I remember the first time I came across Pat. It was at Walter Johnson High School in the math lab and he was the kid with the loud gravelly voice. When I took the Fortran programming class it quickly became evident that he was the person to ask when you had a problem with your program. I think he could almost always find the problem in under 15 seconds. We became friends and spent a lot of time writing programs, playing games and doing math homework. I remember going to Pat’s house a bunch of times for a pizza lunch and playing with his newest gadget, an electronic game called Pong (pretty much the first computer game). In 12th grade I remember driving the card decks for the Fortran class up to Comsat Labs twice a week (nobody had computers back then, not even the school).
After graduating from high school, Pat went to Montgomery College. I remember spending a lot of time at their computer lab working on programs, helping people with their programming projects (Pat could still solve most problems in a few minutes) and eating pizza. I remember him and Steve Eylar figuring out how to break out of the Montgomery County School’s programming environment. Not to cause trouble, but just to explore. It was a little dicey for a few days when someone at the School Board’s IT department figured out what they had done, but it ended up as a summer job for Pat fixing their system so no one else could do what they had done.
We carpooled to the U of Md for two years (along with Gil and Guy Richardson) after he transferred over from Montgomery College.
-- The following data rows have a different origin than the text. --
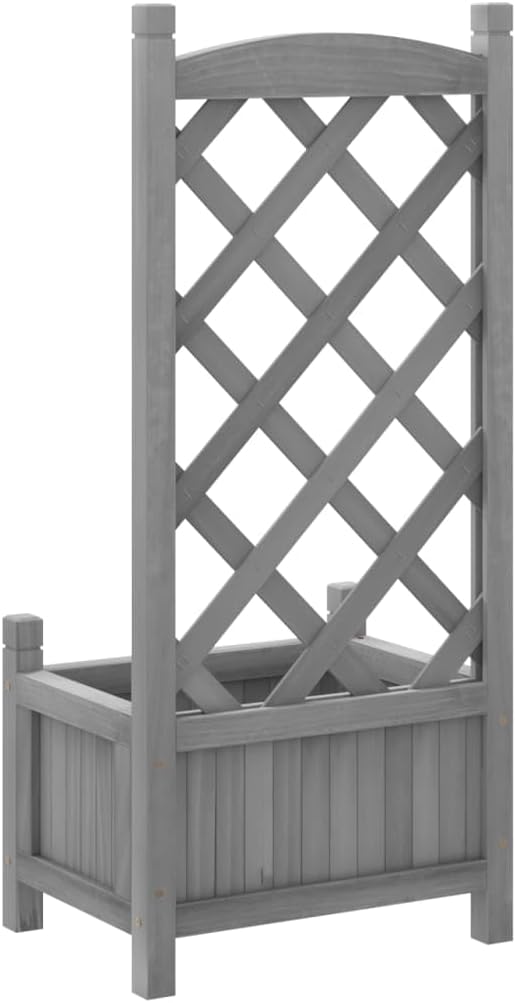 Solid Wood Garden Planter with Trellis Wood Raised Garden Bed Planter with Trellis Outdoor Garden Box for Climbing Plants Gray Solid Wood Fir-763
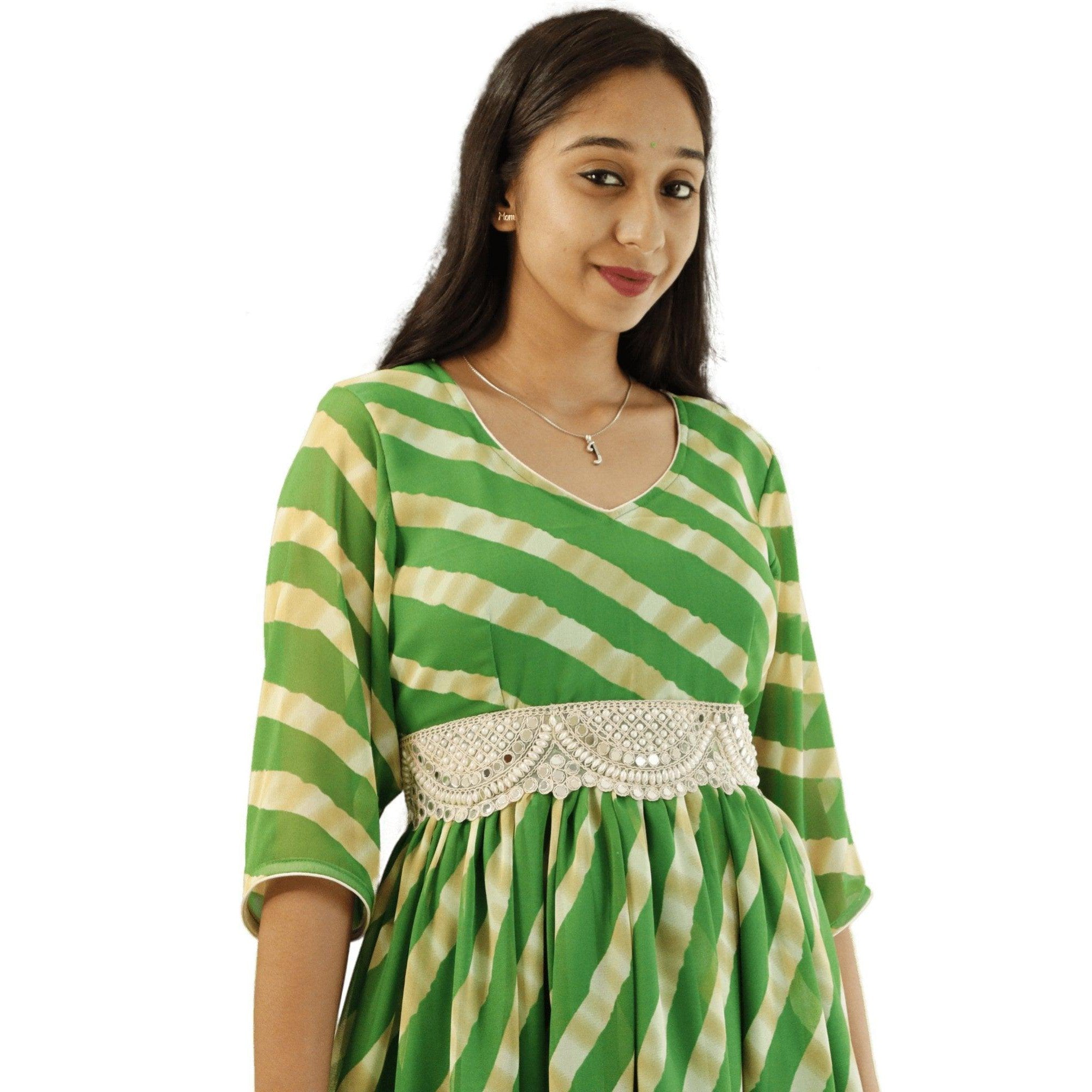 Pure Georgette Leheriya Kurti With Belt - M&Y Pehnava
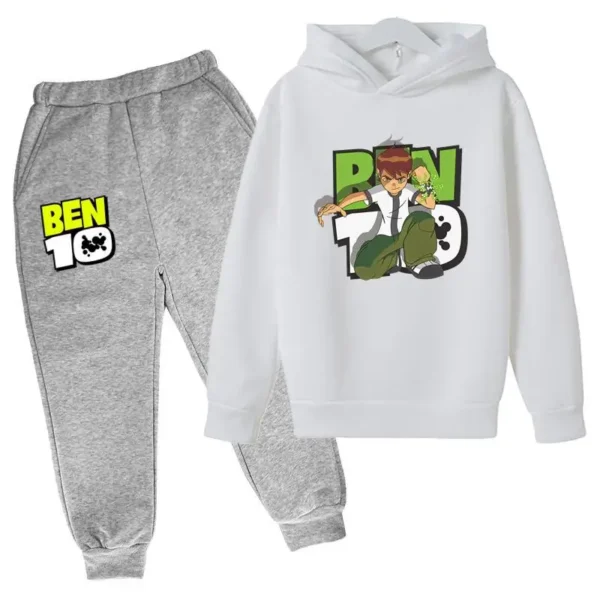 Ben 10 kids cartoon print tracksuit set with pullover hoodie and pants for boys and girls aged 2-13.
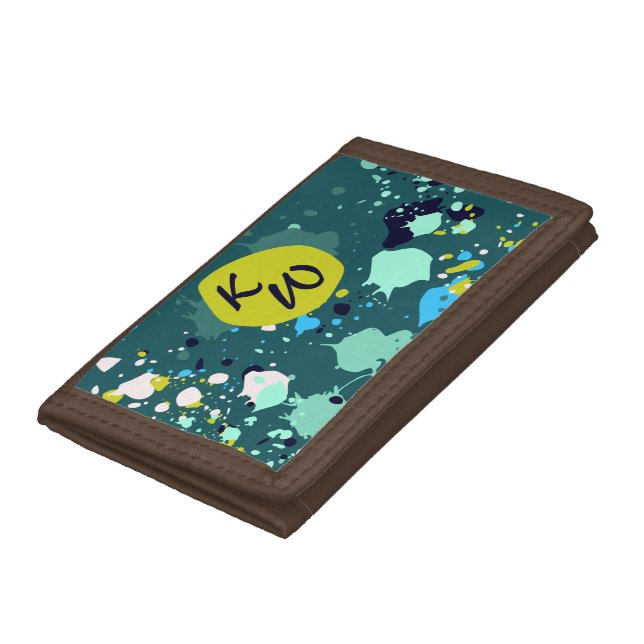 Cool Green Paint Splatter Initial  Tri-fold Wallet (Bottom)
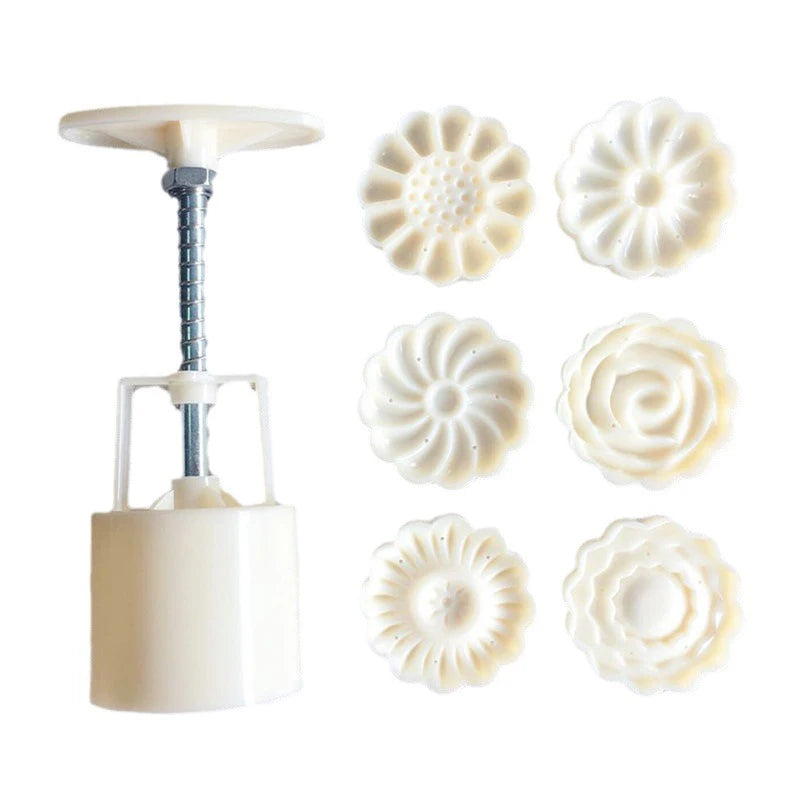 1set/2set Three-Dimensional Rose-Shaped Mooncake Mold, Hand-Pressing Mid-Autumn Festival Mooncake Mold Diy Baking Set
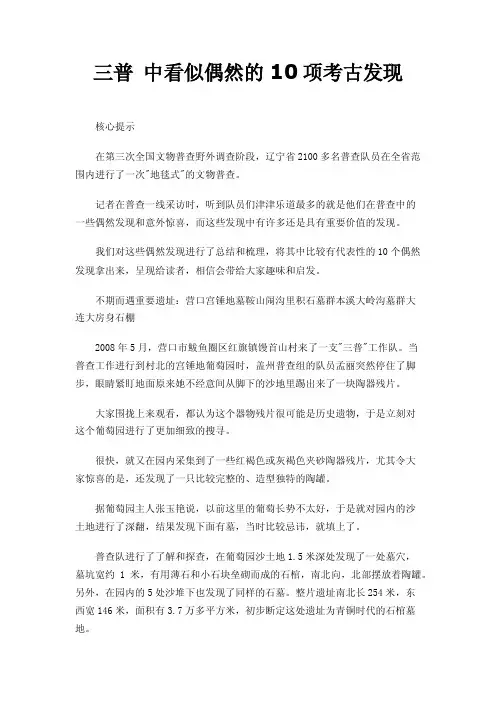 三普中看似偶然的10项考古发现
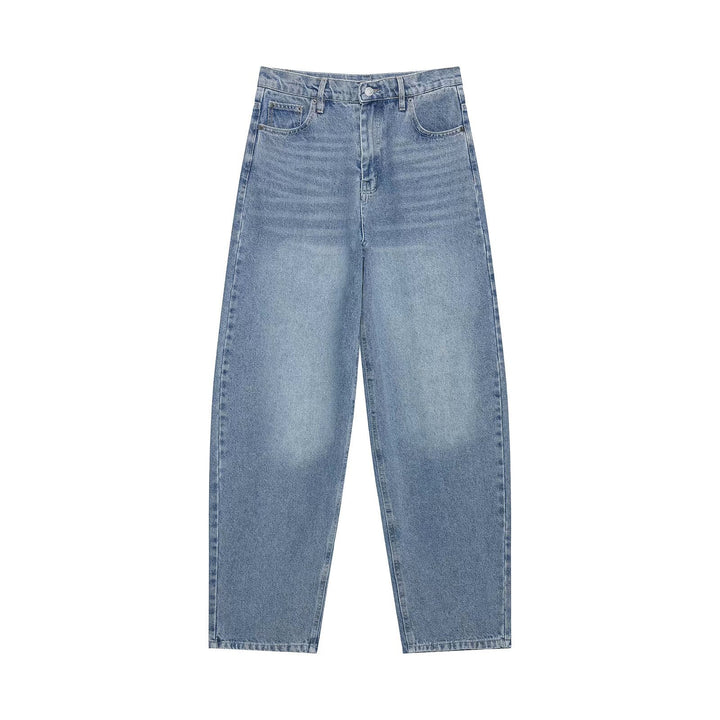 Damen Hochtaillierte kurzgeschnittene Jeans mit weitem Bein aus Denim Echo Archiv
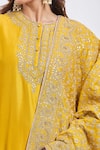 Sheetal Batra_Mustard Silk, Cotton Embroidery Round Neck Light Yellow Shamshul Kurta Set _at_Aza_Fashions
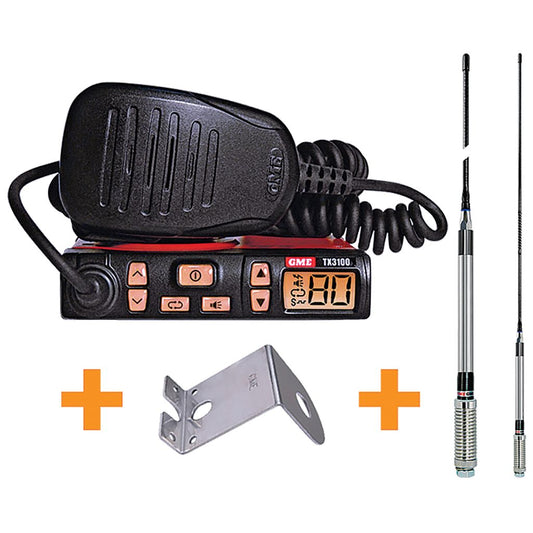GME UHF CB RADIO 80 CHANNEL STARTER KIT INC ANTENNA & BKT TX3100 AE4018K2 MB407SS - TX3100VP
Pat and I took most of the same computer science classes and while most people spent a week doing a programing assignment, we would start the evening before it was due with a pizza then work past midnight until it was done. I don’t think we were racing, but I think Pat usually finished first.
After graduating from school, we started out on our careers. Pat had started working at Dialcom while he was going to U of M, and that’s where he stayed. I remember still more pizza, playing Frisbee, shooting pool at his parent’s house, playing badminton, playing volleyball, going bowling and the start of the Friday night poker game (which, of course involved pizza). I remember standing in line for hours and hours on opening day of the first three Star War movies. I remember Pat, along with Steve Eylar finding out how to get onto Arpanet (a research project that led to the internet) and exploring that and finding the Colossal Cave Adventure game (the first interactive fiction computer game) and spending hours mapping it all out. Then, we found the Zork game that was an order of magnitude larger than Adventure. Pat and Steve spent months mapping that out on a huge piece of paper until they finally solved it.
Things went on like that for some years until life started to happen. Our friends starting getting married and I remember Pat meeting Mary and them starting to spend time together. Long about there I got married and a few years later Pat moved to Virginia and I lost touch with him.
Pat was a great fiend and I’ve forgotten way more than I remember about all the things we did. Peggy and I send our condolences to his family and friends. He will be missed.